What is effective ethical governance?

In mid-August I attended an “Ethics and Automation” panel run by HMG’s Automation Taskforce, and hosted by Katie Rhodes, Senior Policy & Strategy Advisor; this is a rather delayed part 2 of my thoughts from the session.

The second speaker was Dr Brent Mittelstadt of the Oxford Internet Institute and Alan Turing Institute. His belief is that only when you can answer the following three questions you can have effective ethical governance:

  1. What is legally required?
  2. What is ethically desirable?
  3. What is technically feasible?

AI has the potential to derive inferances about private life protected characteristics that could be used for online advertising, for example. We know that is technically feasible. It’s definitely legally and ethically dubious.

As many will know, we have a ‘black box’ problem. Often AI is designed in such a way that it cannot be or is not explained. Where decisions have been made (e.g. not to offer a loan, to increase car insurance, etc.) we have to be able to explain what has been done, and to people who are not technical too.

Brent talked about the following paper in the Harvard Journal of Law and Technology 2018, which suggests that making counterfactual explanations can be useful. For example, as a consumer who has a loan application rejected, the bank should instead tell you what would need to be different in order for you to get that loan.

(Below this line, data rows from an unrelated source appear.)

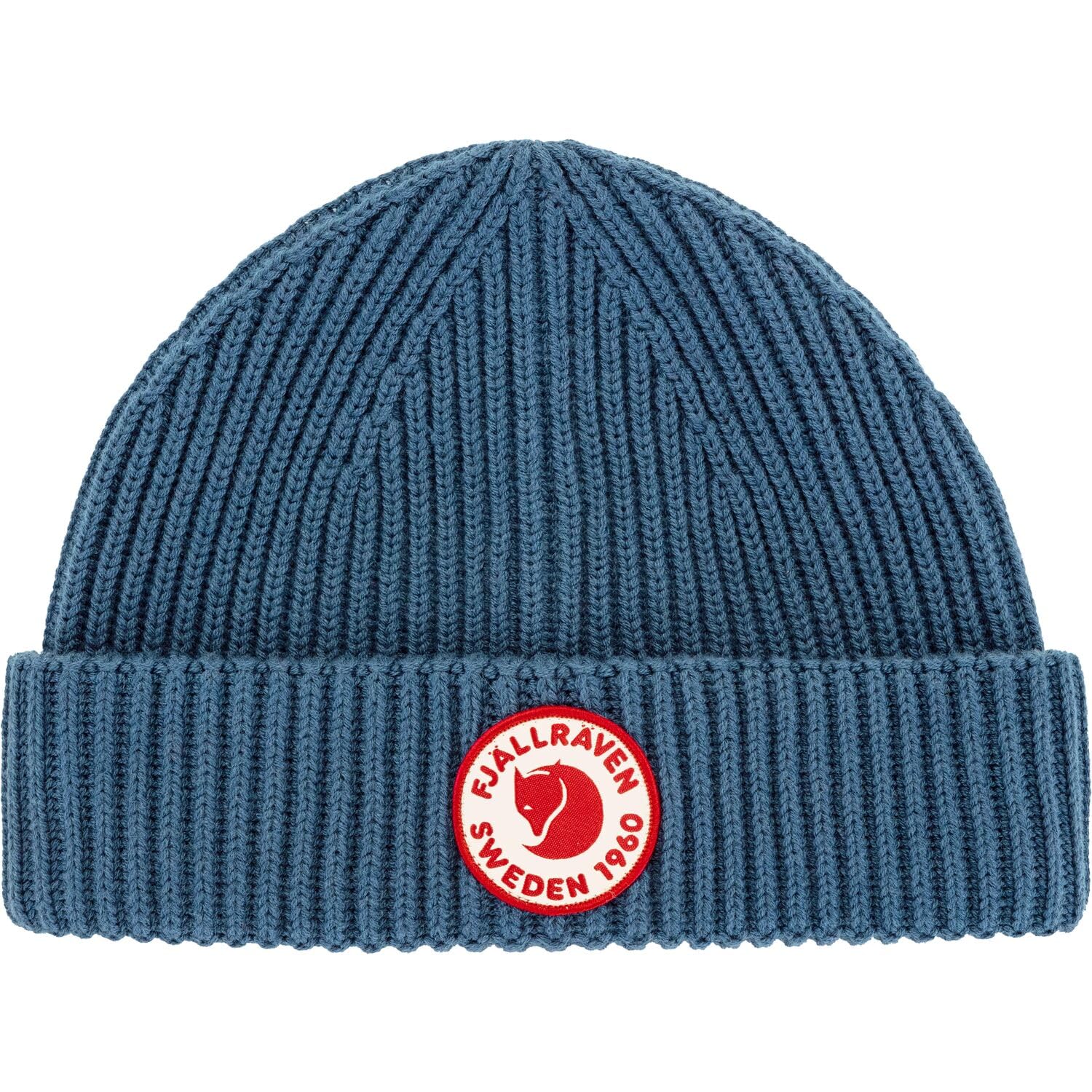Fjällräven Unisex 1960 Lite Logo czapka, niebieski indygo, rozmiar uniwersalny, indigo blue, Rozmiar uniwersalny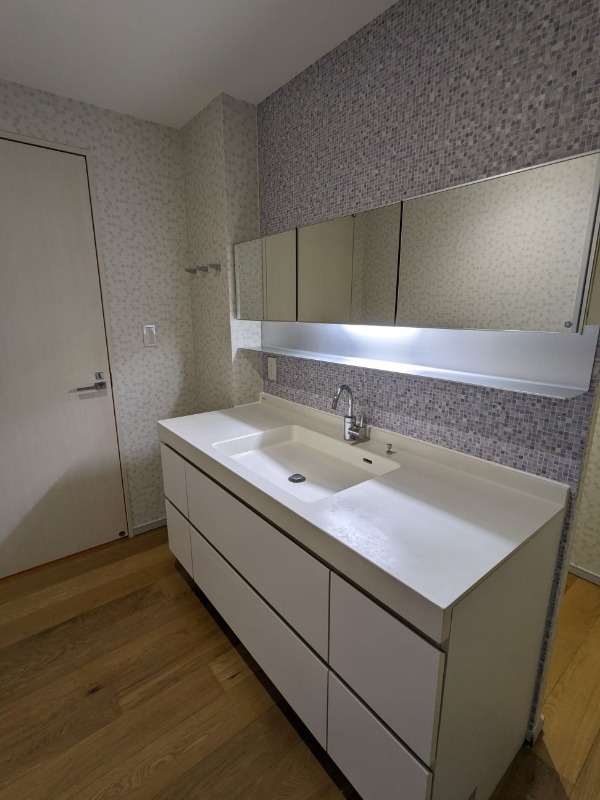 洗面設備　洗面台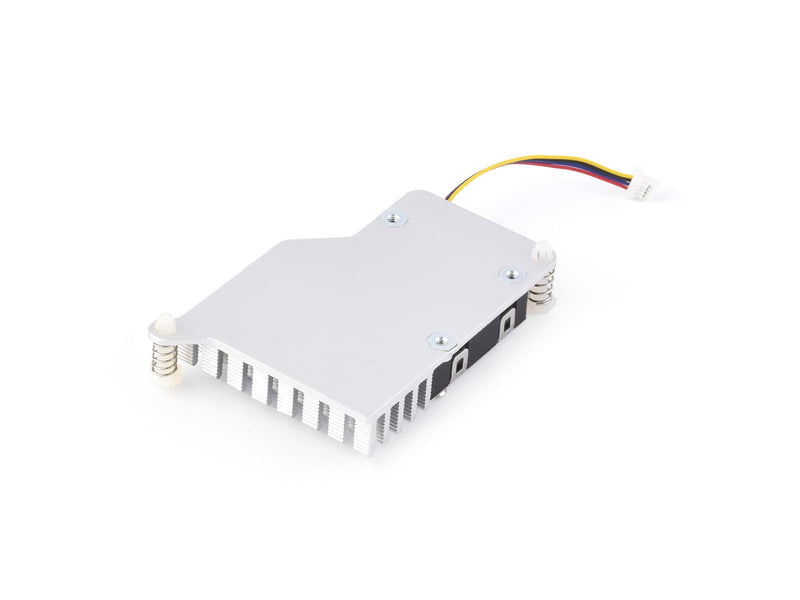 Waveshare Active Cooler (B) for Raspberry Pi 5, Active Cooling Fan, Aluminium Heatsink, with Thermal Pads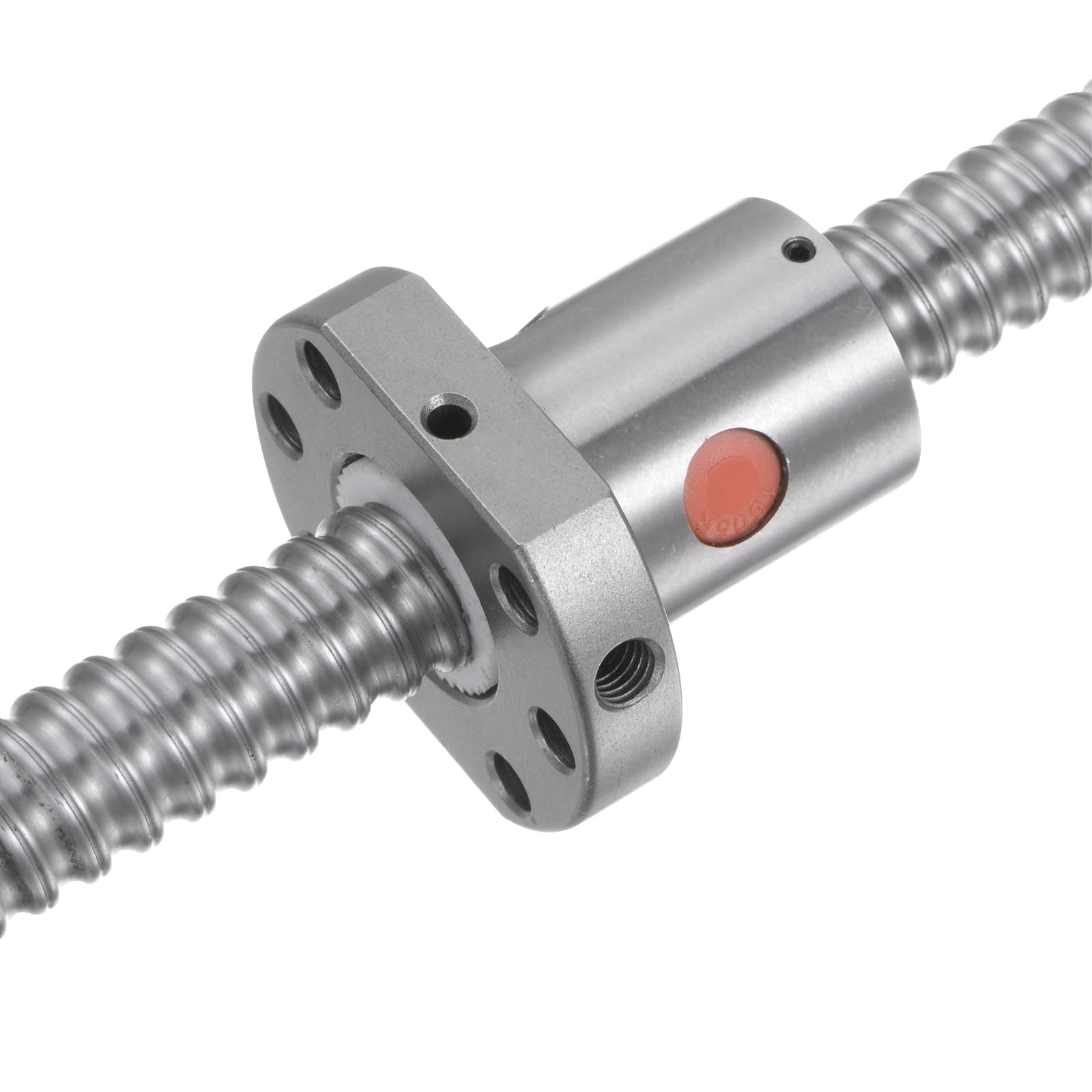 uxcell Vis à billes à mouvement linéaire SFU1605 (diamètre 16 mm, pas 5 mm, longueur 150 mm) Kit de vis à billes anti-retour avec écrou à billes en métal pour pièces de machine CNC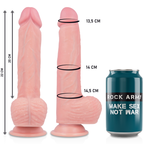 ROCKARMY - HARNAIS + HAWK ROTATEUR ET VIBRATEUR 22 CM -O- 4.6 CM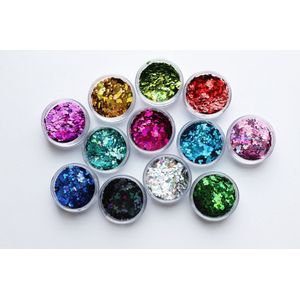 Mickey Mouse Glitter- Glitter voor UV Resin- Epoxy Resin- Knutselen - Nail-Art Glitter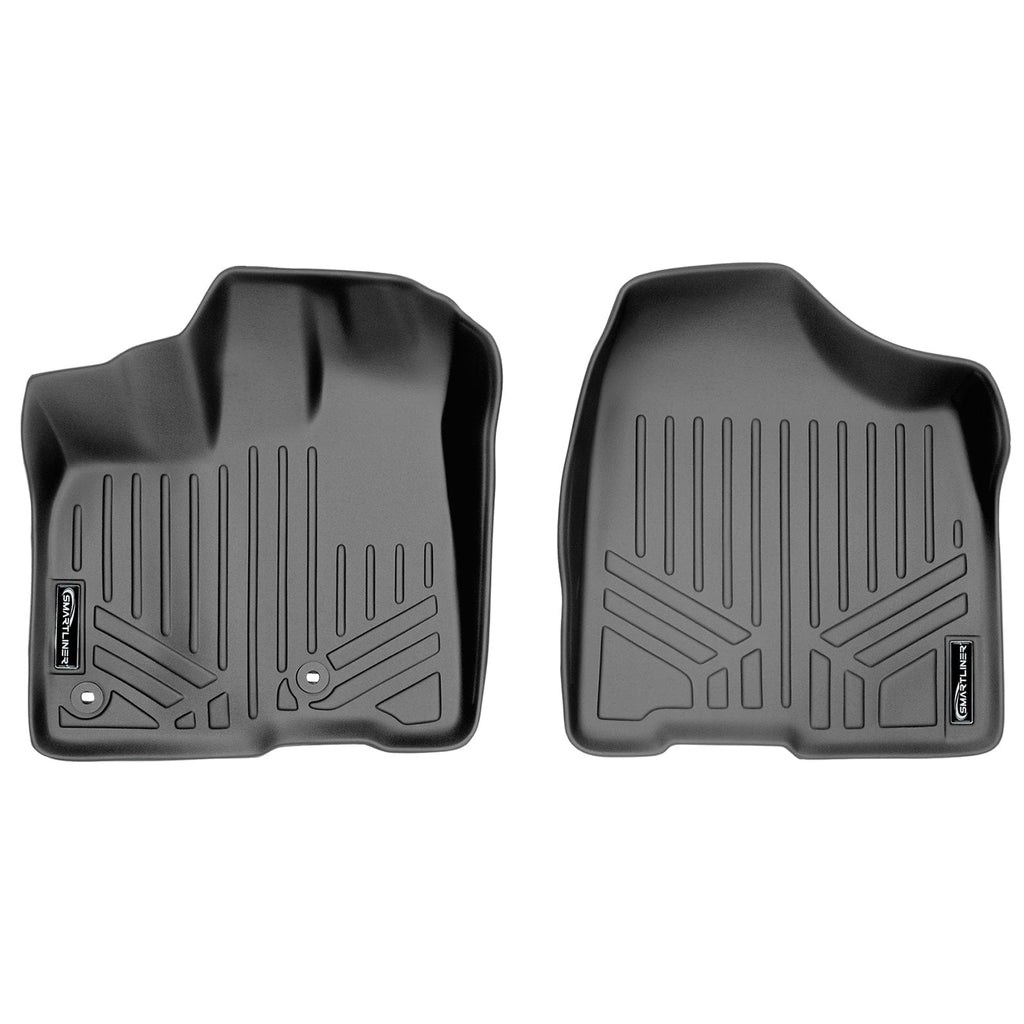Smart Trim™ Custom Fit Floor Liners For 2013 2020 Toyota Sienna 7 Passenger Model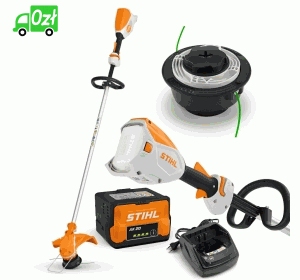 Kosa akumulatorowa FSA 60 R Stihl zestaw z akumulatorem AK 20 i ładowarką AL 101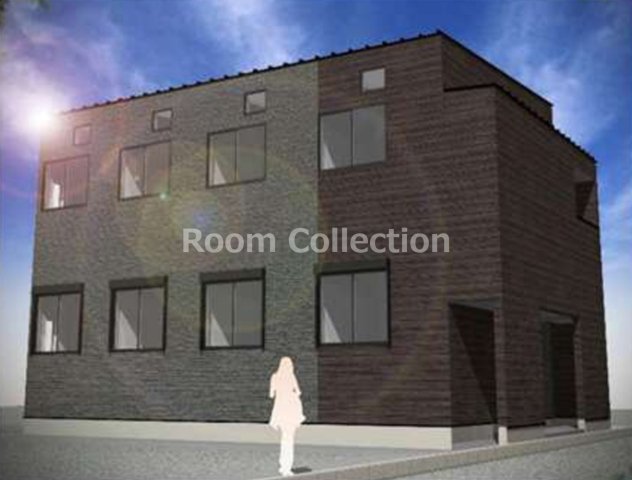 建物外観　完成パース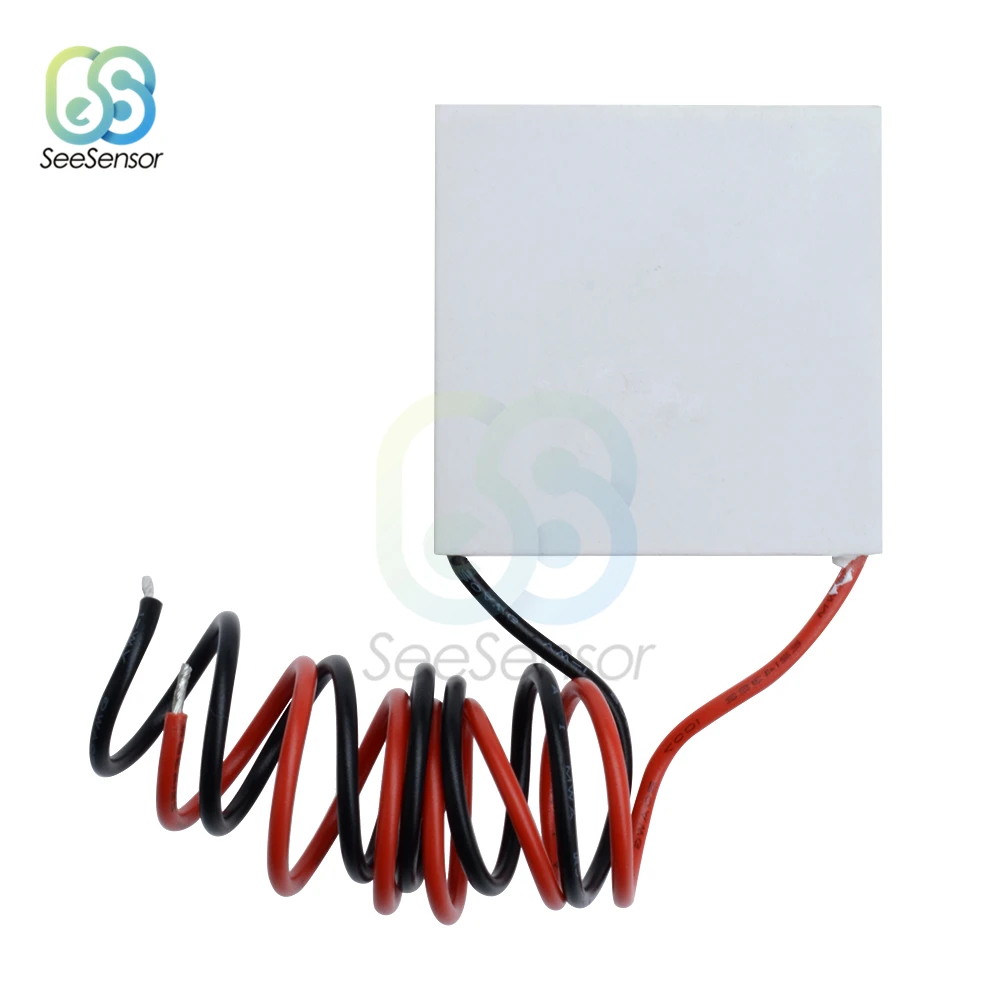 Термоэлектрический охладитель TEC1 12706 12 В 6A TEC модуль элементов Пельтье 40*40 мм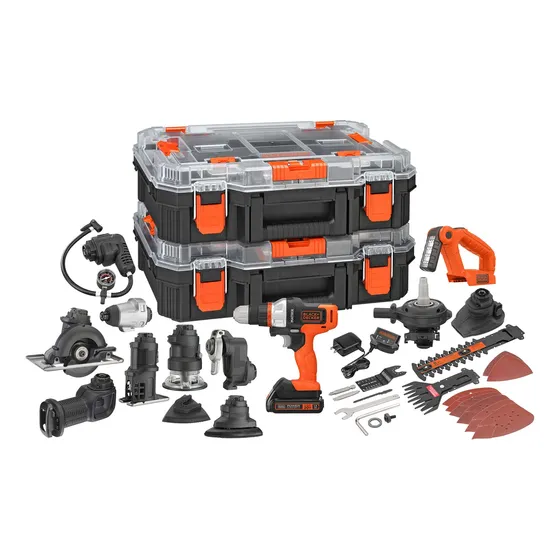 Kit De Herramientas Eléctricas Black+decker Matrix, Taladro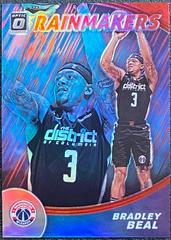 Bradley Beal [Red] Basketball Cards 2019 Panini Donruss Optic Rainmakers Prices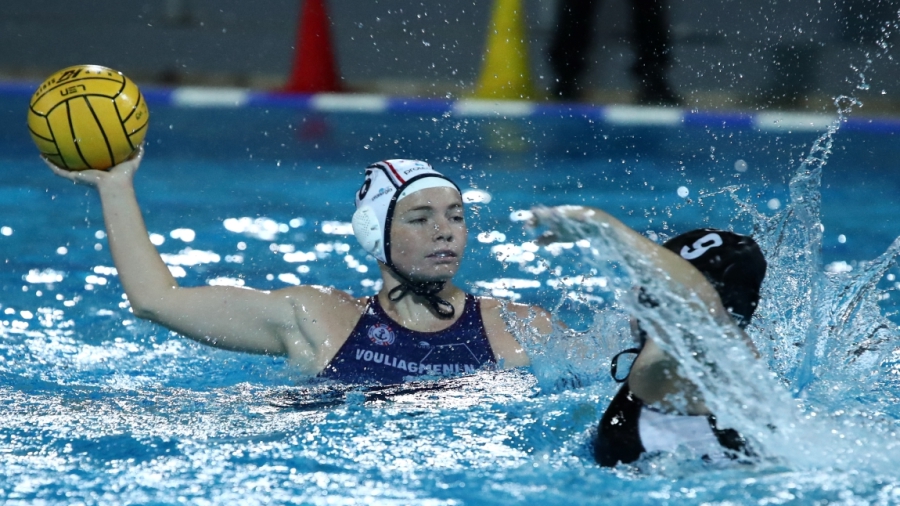 Α1 πόλο γυναικών: Κυριακάτικος περίπατος της Βουλιαγμένης από τη Λάρισα!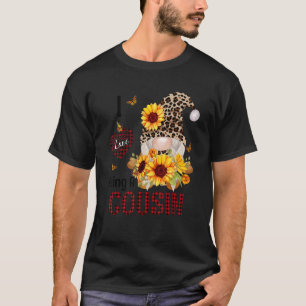 I Liebe Cousin Herbst Herbst Thanksgivi T-Shirt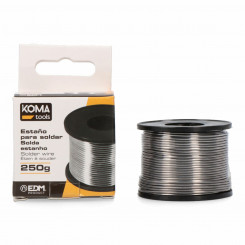 Tin wire for soldering Koma Tools Bobbin 1 mm 250 g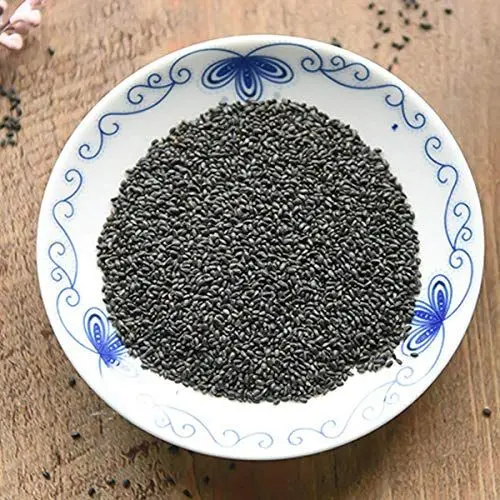 Produktbild: Chinesischer Kräutertee Basilikum sät Tee Neuer duftender Tee Gesundheitspflege-Blütentee erstklassiger gesunder grüner Nahrung Lanxiangzi Tee Mingliezi Tee (50)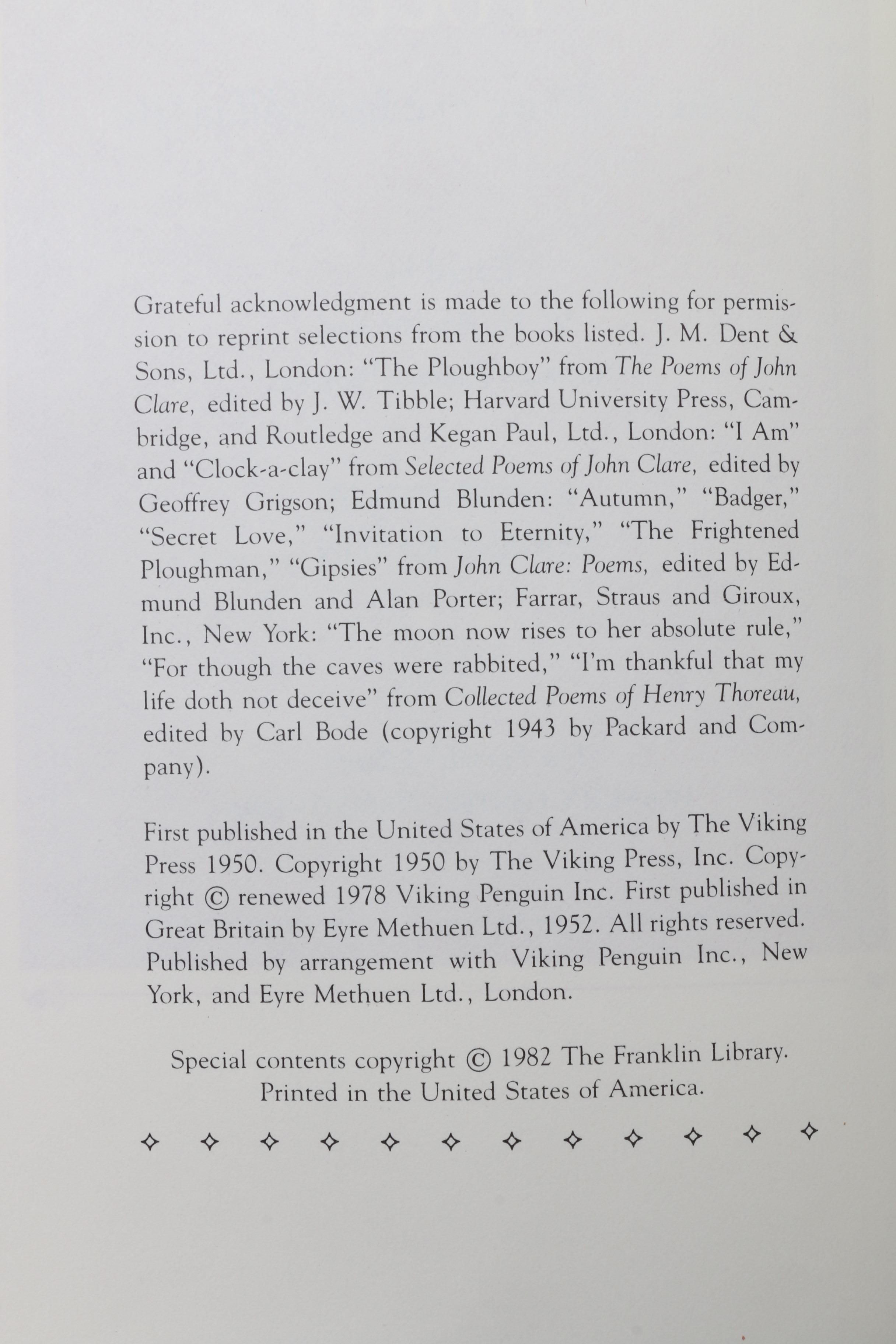 Vintage Franklin Library Classic Books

Brent also introduced the need for ethical auditing. As he said:

“Principles alone cannot guarantee ethical AI”.

They are a good starting point, however. Katie took us through Google’s 7 principles, including ‘be socially beneficial’ and ‘be accountable to people’.

As you’d expect, IBM has a set of “Principles for Trust and Transparency” and a longer paper on “Everyday Ethics for Artificial Intelligence“. That paper discusses and provides suggested actions in 5 areas:

  • Accountability
  • Value Alignment
  • Explainability
  • Fairness
  • User Data Rights

Essentially, ethics is everyone’s responsibility, and we have to embed it in right from the very start, through to the very end, of whatever we are creating.

Then, moving from principles allow, Brent shared with us that the Social Science Research Network has been considering how to audit how we implement, measure and govern AI.

Brent added a couple of cautionary remarks to close: models need to be trained with local data, and when we are building a solution, do we really need to use AI within it? (That is, when we have an AI hammer we have to be careful not to just see everything as nails!)

Let’s not forget why we are doing this though. AI has great potential to transform public services and help join up delivery. Bethan mentioned that AI can be put to good use, tackling misinformation online. Brent suggested that we can use AI as a critical mirror, to hold our personal biases to account.